REQUIRED WORK |
There should be no pictures in your answer, only an exact copy of the lines from the one with "Used Audi Q5" through the end of the material.

SUPPLIED INFORMATION |
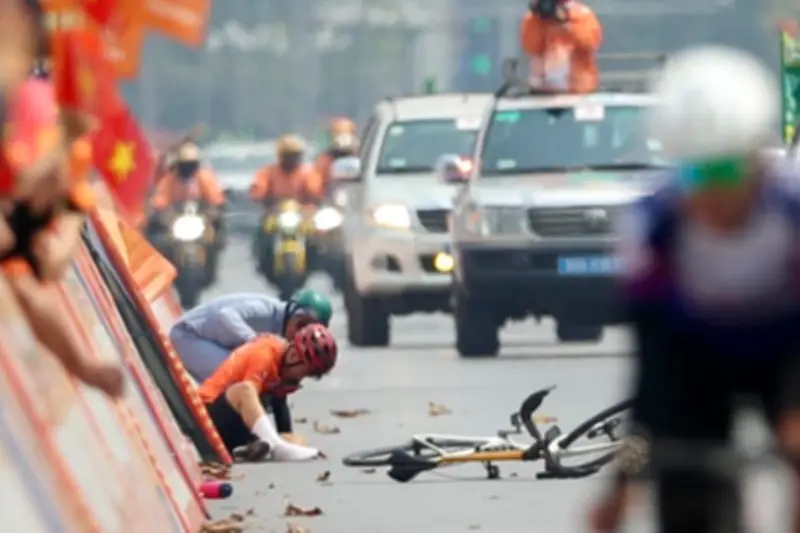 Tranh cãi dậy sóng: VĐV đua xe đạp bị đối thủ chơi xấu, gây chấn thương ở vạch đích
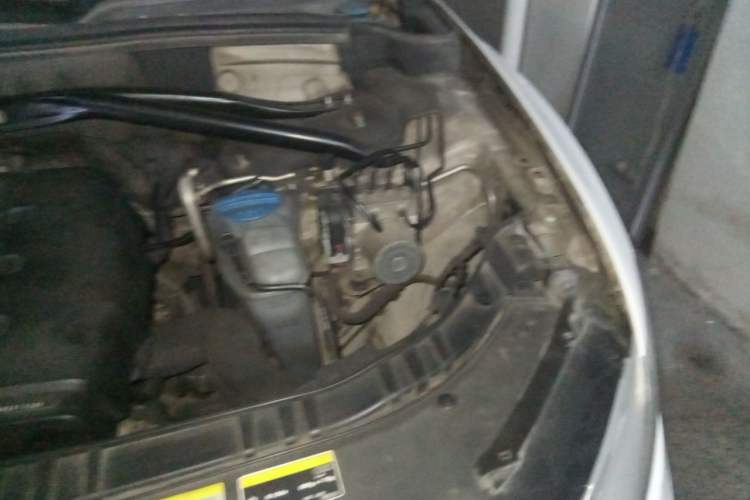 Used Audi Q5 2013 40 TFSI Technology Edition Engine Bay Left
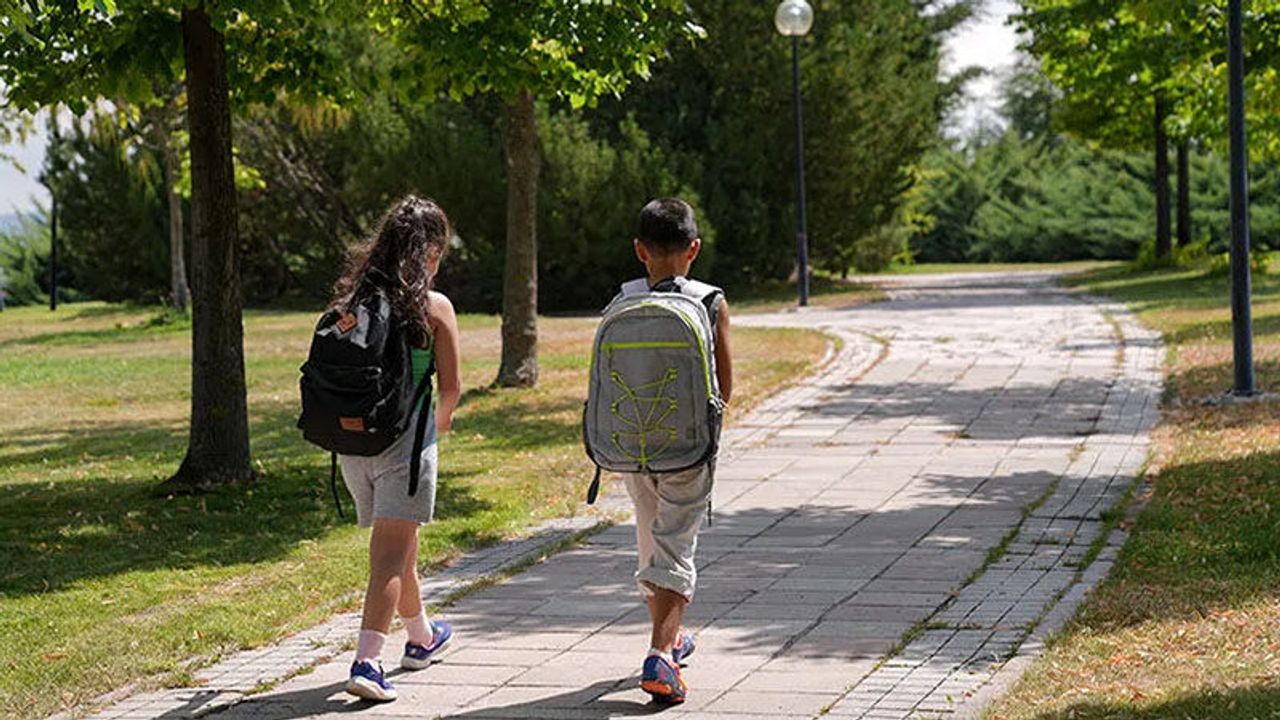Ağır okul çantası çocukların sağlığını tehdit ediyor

SOLUTION |
 Used Audi Q5 2013 40 TFSI Technology Edition Engine Bay Left
Ağır okul çantası çocukların sağlığını tehdit ediyor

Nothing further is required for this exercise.